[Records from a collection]
....

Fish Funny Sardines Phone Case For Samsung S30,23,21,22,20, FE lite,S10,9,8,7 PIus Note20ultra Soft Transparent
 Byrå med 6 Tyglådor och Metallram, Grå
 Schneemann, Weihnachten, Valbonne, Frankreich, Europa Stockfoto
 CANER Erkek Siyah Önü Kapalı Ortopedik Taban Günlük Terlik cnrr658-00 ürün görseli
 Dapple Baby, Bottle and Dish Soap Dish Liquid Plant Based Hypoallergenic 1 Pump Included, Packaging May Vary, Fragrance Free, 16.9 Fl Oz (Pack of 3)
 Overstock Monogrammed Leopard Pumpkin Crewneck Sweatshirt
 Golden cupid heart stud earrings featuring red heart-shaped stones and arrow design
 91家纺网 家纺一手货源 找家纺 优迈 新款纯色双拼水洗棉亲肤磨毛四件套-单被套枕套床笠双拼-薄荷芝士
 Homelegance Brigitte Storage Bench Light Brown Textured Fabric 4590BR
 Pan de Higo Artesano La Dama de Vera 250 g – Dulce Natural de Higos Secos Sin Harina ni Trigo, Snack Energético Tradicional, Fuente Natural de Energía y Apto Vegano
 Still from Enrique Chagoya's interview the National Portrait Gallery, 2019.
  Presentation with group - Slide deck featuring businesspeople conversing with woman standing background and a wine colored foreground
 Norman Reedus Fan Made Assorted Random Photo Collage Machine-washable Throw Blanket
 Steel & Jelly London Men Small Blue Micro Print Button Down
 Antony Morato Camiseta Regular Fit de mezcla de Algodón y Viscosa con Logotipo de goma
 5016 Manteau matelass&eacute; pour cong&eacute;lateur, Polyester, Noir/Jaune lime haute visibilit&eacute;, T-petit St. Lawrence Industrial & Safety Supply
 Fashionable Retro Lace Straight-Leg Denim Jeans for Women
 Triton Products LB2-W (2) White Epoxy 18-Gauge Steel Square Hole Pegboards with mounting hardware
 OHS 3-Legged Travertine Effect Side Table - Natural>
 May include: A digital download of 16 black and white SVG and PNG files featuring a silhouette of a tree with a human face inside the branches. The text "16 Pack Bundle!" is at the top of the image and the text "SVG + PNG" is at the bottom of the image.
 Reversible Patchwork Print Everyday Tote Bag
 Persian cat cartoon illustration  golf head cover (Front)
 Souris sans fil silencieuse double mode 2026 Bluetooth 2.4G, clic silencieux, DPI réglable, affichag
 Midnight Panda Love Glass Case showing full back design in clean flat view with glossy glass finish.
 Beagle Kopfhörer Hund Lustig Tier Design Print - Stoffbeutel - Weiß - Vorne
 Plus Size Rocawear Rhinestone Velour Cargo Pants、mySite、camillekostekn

....

THE TASK:
Copy exactly the line containing "Triton Products LB2-W" and every line after it, ending with the last line of the records above.

ANSWER TO THIS TASK:
 Triton Products LB2-W (2) White Epoxy 18-Gauge Steel Square Hole Pegboards with mounting hardware
 OHS 3-Legged Travertine Effect Side Table - Natural>
 May include: A digital download of 16 black and white SVG and PNG files featuring a silhouette of a tree with a human face inside the branches. The text "16 Pack Bundle!" is at the top of the image and the text "SVG + PNG" is at the bottom of the image.
 Reversible Patchwork Print Everyday Tote Bag
 Persian cat cartoon illustration  golf head cover (Front)
 Souris sans fil silencieuse double mode 2026 Bluetooth 2.4G, clic silencieux, DPI réglable, affichag
 Midnight Panda Love Glass Case showing full back design in clean flat view with glossy glass finish.
 Beagle Kopfhörer Hund Lustig Tier Design Print - Stoffbeutel - Weiß - Vorne
 Plus Size Rocawear Rhinestone Velour Cargo Pants、mySite、camillekostekn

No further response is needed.